天波府男女老小,除佘太君外,齐齐下跪。太君急忙将龙头金杖举过头顶,点了三点。这是太祖皇帝御赐的金杖,见天子可以不行跪拜之礼,只要将金杖点三下即表示已行跪拜。
传旨官展开圣旨,朗声宣读道:“奉天承运,皇帝诏曰:因南唐叛乱,朕特宣天波府佘赛花随旨上殿,共商平乱大计,敬遵圣谕,望诏感恩。钦此!”
佘太君与众夫人谢恩毕,接过圣旨。传旨官道:“老太君,圣上有请,还望太君随下官走一趟了。”
太君点头道:“那是自然。”说完便嘱咐众夫人道:“你们皆在府中候命,不可轻举妄动,待老身从宫里回来再作计较。府内的一切事务,暂由桂英打理。”
穆桂英道:“是!奶奶你就放心去吧。”
佘太君在杨洪的搀扶下扳鞍上马,别看她岁数有些大了,可身子骨还是硬朗得很,驾着宝马绝尘而去,不一会儿便不见了踪影。
穆桂英一直等到望不见太君的身影了,这才回头对众夫人道:“诸位婆母,还是先请回房休息吧,这里由桂英守着消息便是。”
六夫人大刀王怀女道:“狄青乃皇亲国戚,一言九鼎。太君此去面圣,祸福能测,不如大家都随桂英一起候在此处。”
穆桂英想了想,说:“也罢,那桂英就随各位婆母一起等候便是。”
看到各位夫人太太都不愿离开,穆桂英也没办法,只好找了个空子,对杨金花道:“金花,你随我出来一下,为娘有话要问你。”
杨金花脸色煞白,战战兢兢地说:“是……”
母女二人一齐走出银安殿,来到殿外的庭院角落里。穆桂英沉下脸,问道:“金花,你老实和为娘交代,到东门校场比武夺印,杀死狄祥、狄昭的那个宋朝卿,是不是你扮的?”
杨金花吓得哆哆嗦嗦,连忙跪倒在地,向她母亲请罪道:“请母亲恕罪,确是孩儿一时糊涂所致。只怪那狄龙欺人太甚,孩儿怨气难平,这才女扮男装,去了东门校场。本想夺了帅印挫挫他的锐气,怎料狄祥狄昭半路截杀,孩儿迫不得已,这才和排风出手伤了他们。”
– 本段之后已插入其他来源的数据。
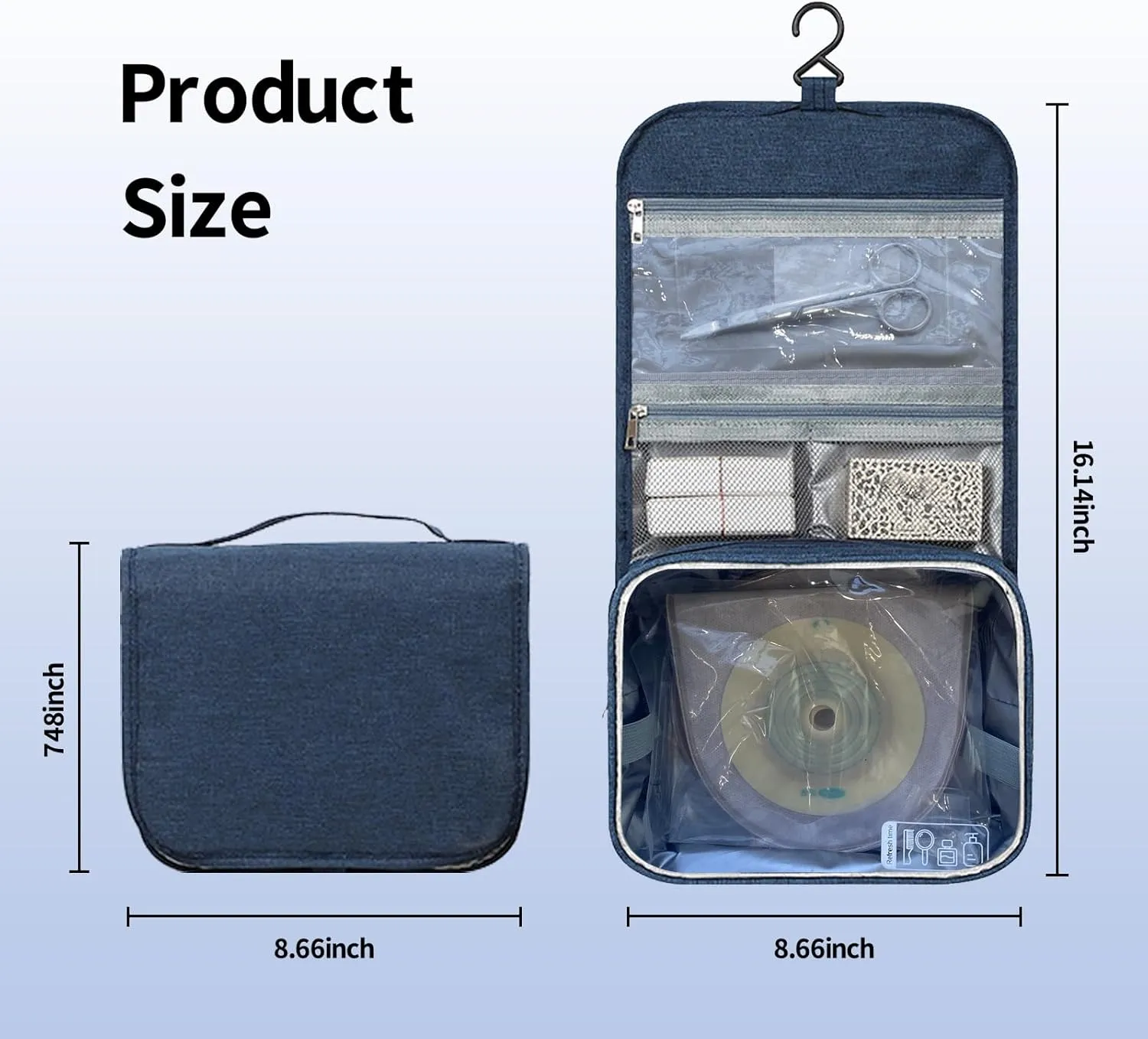 Travel Bag for Ostomy and Colostomy Supplies - Perfect for Post - Surgery Users, with Hanging Design and Stylish Covers for Female Patients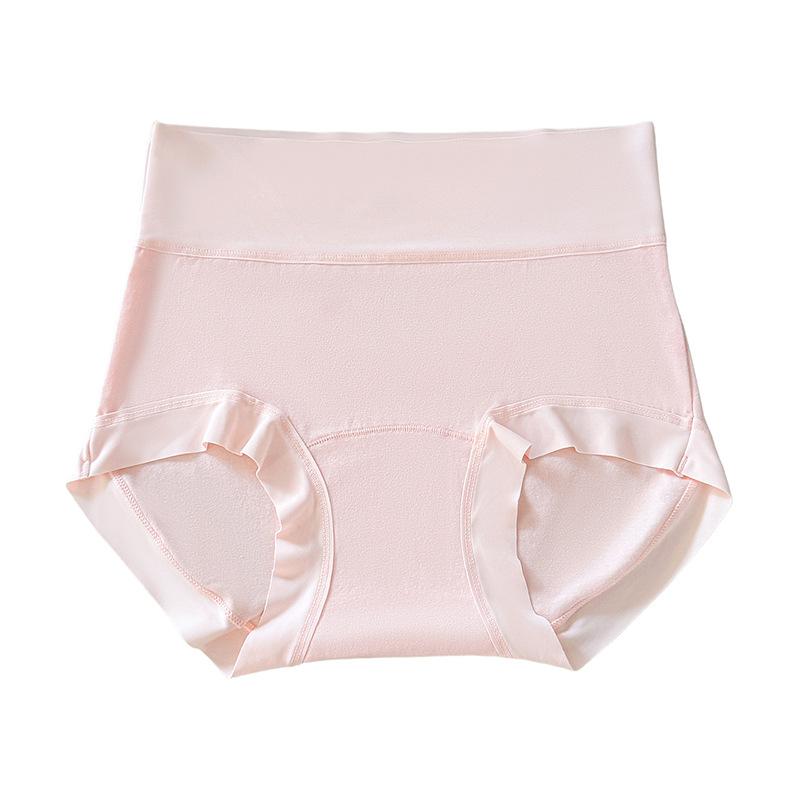 

Women s New Summer Simple Color Pure Cotton Antibacterial Extended Stall High Waist Panties M розовый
穆桂英气得牙齿直打颤:“你这个冤家,为娘多少次嘱咐你,千万不要惹是生非,还特意关照你,莫要到校场争那什么帅印!你倒好,不仅不听为娘的话,还出手伤了人家性命!那狄青岂肯善罢甘休?”
杨金花跪行两步,一把抱住穆桂英的腿,哭泣道:“娘,孩儿知道错了,请您责罚孩儿吧!如果狄家非要让杨家为狄祥、狄昭偿命,就请杀了孩儿一人,莫要连累整个杨家。”
毕竟骨肉情深,穆桂英的心霎时软了下来,叹了口气道:“事情既然这样了,也没有其他什么办法可行。你先去嘱咐排风,此事万不可声张,先把你们夺来的帅印,找个地方藏好,待太君从金殿回来,再做打算。”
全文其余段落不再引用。